EXERCISE BRIEF ▸ Copy out exactly, and only, the lines from the one containing "Mercedes-Benz GLA 220" through the end of the entries. No pictures.

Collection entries

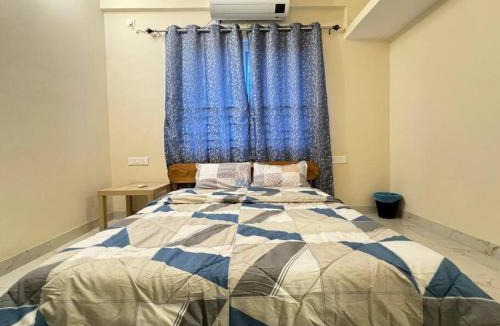 Serilingampally Apartment | Evara Grand Vista Fully Equipped 3BHK near AMB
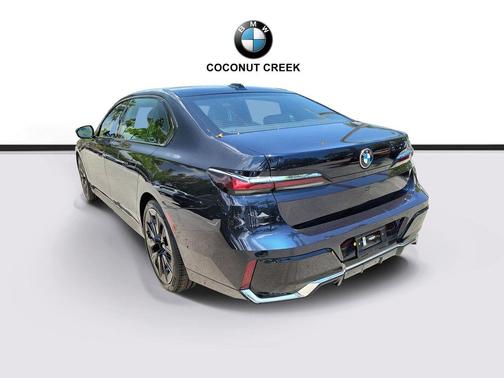 Carbon Black Metallic 2023 BMW 740 i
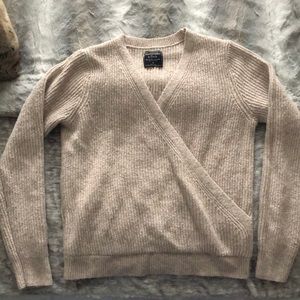 Cute Abercrombie & Fitch wrap sweater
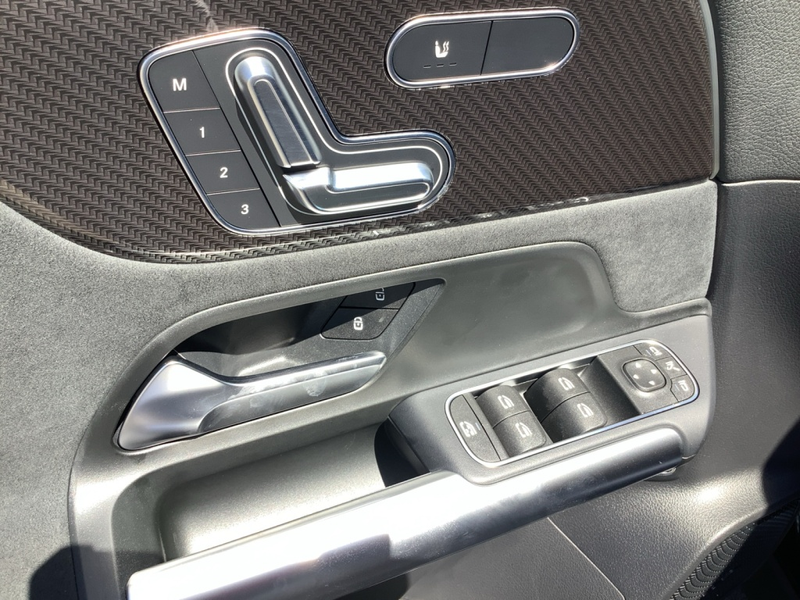 Mercedes-Benz GLA 220 4MATIC AMG+NIGHT+19"+KEYLESS+8G+360°+AHK — photo 9
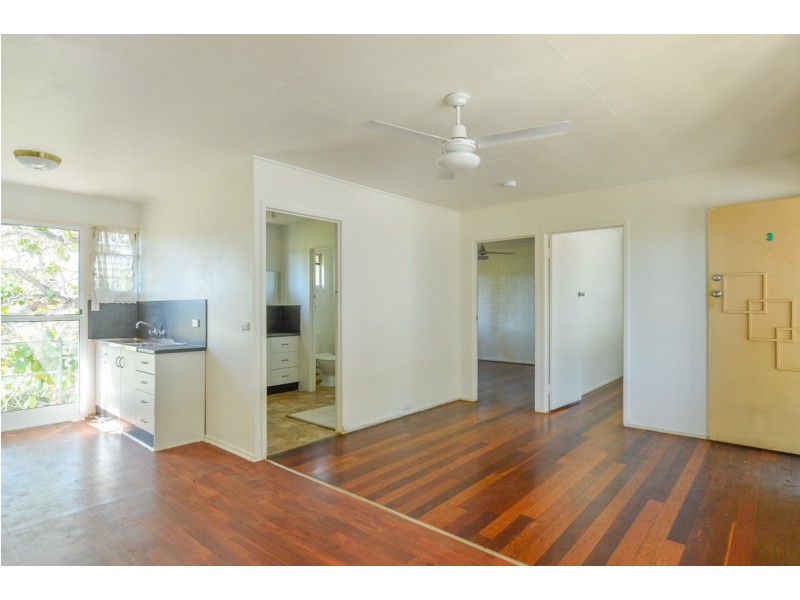 Unit 1-3/21 Walters Avenue, West Gladstone QLD 4680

OUTPUT OF THE TASK ▸
 Mercedes-Benz GLA 220 4MATIC AMG+NIGHT+19"+KEYLESS+8G+360°+AHK — photo 9
 Unit 1-3/21 Walters Avenue, West Gladstone QLD 4680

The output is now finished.